New First World War Galleries at Imperial War Musuem

Stimulating new galleries at the Imperial War Museum to mark the centenary of the First World War.

These galleries really had everything you might want if you are, like me, a First World War geek! They go through the war chronologically but use certain events to pick up themes, for example grouping pieces about medicine in the war at the point of a battle with large numbers of casualties.

Many of the sections had a feeling of being not just a museum gallery but an installation such as the almost futurist cut out of marching me onto which was projects poppies and men falling in battle. Also the recreation of a trench with a real tank poised above it.

I liked the way they often used reproduction of items but put them in your space not in a cabinet which gave a feeling of immediacy and also the fact that there were sometimes flip boxes of photographs so you could discover more or the odd pull out draw. Although it was too crowded when I went to pull the draws out!

The gallery also tackled events which impacted on the war such as the Easter Rising and the Russian Revolution well.

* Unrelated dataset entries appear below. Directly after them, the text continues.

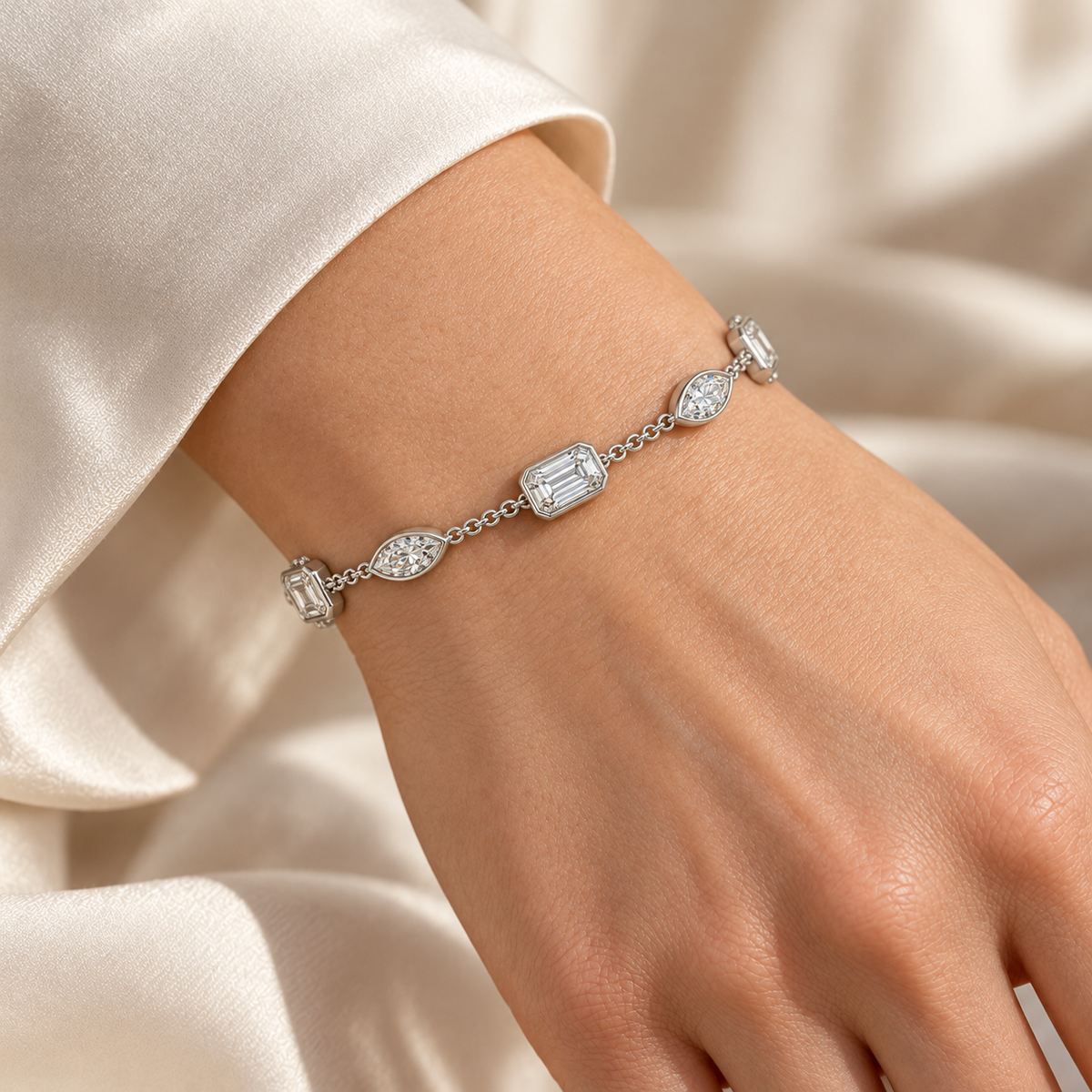 Emerald & Marquise Bezel Station lab-grown diamond bracelet, white gold wrist view — illustrative design rendering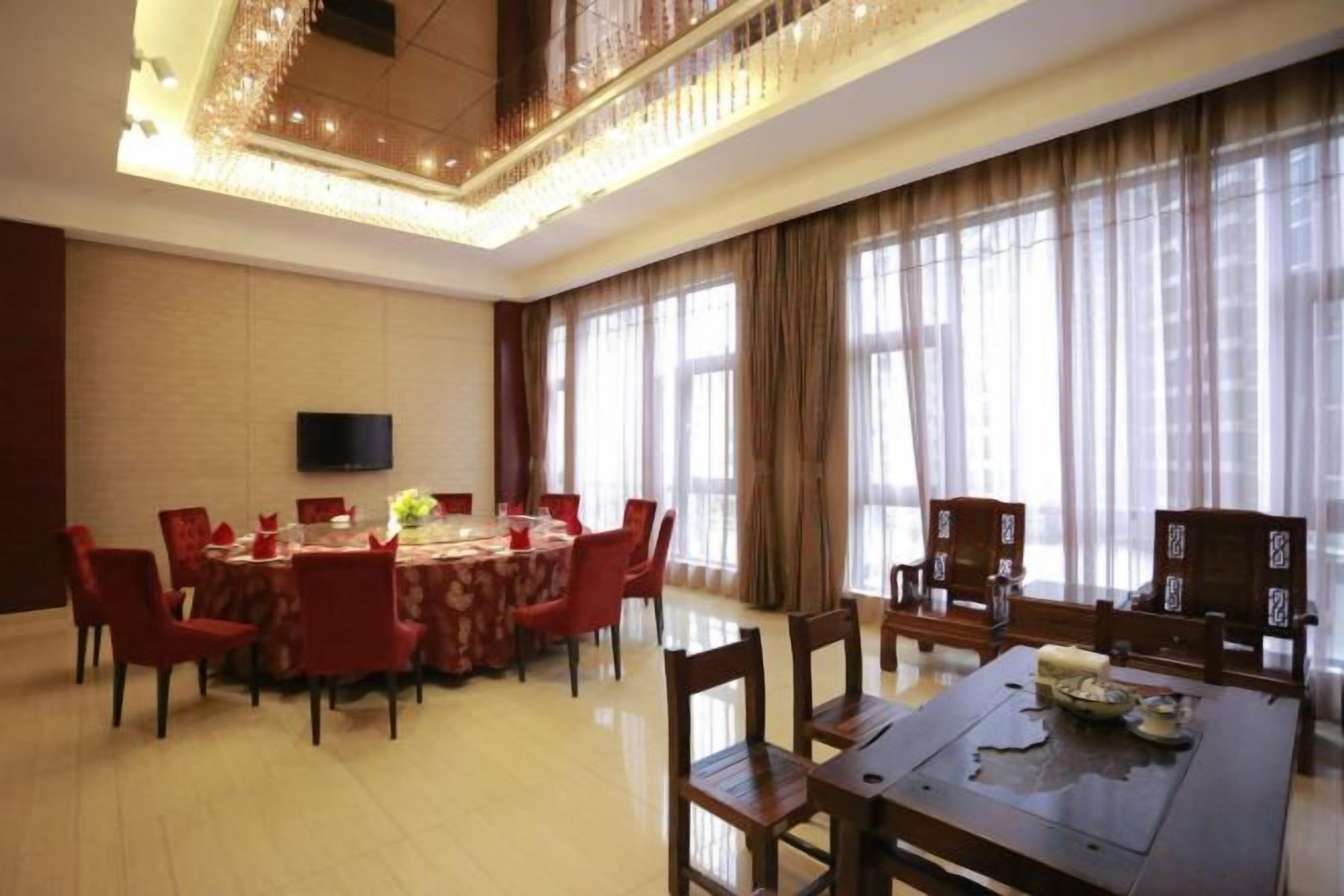 A conference room with a round table, chairs, and a television screen.
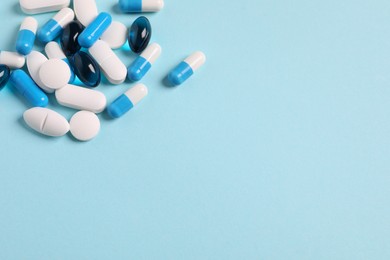 Many different pills on light blue background, space for text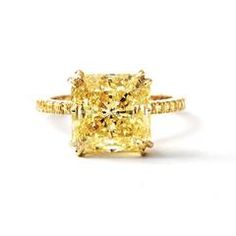 a fancy yellow diamond ring set in 18k gold with diamonds on the band and shoulders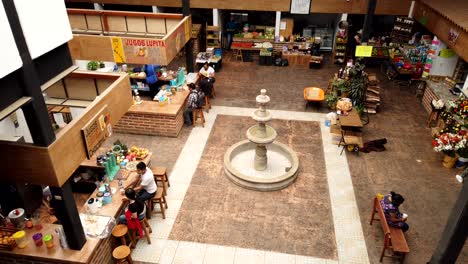 Timelapse-A-Vista-De-Pájaro-De-Gente-Comprando-Y-Comiendo-En-El-Mercado-Local-De-Tapalpa,-Con-Una-Fuente-Central.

Giving just enough information to mark them as an event but concentrating on the effect on the war.

My only gripe (apart from the crowds but that’s my own fault for going in the school holidays) was the lighting in some of the cases. There were some very elegant thin free standing lights on two supports at the front of some of the cases. However unless you got right over the case some of what was in it was blocked by the light. With the crowds it was difficult to get right over the cases. I do suspect that as I go to so much I am getting over critical!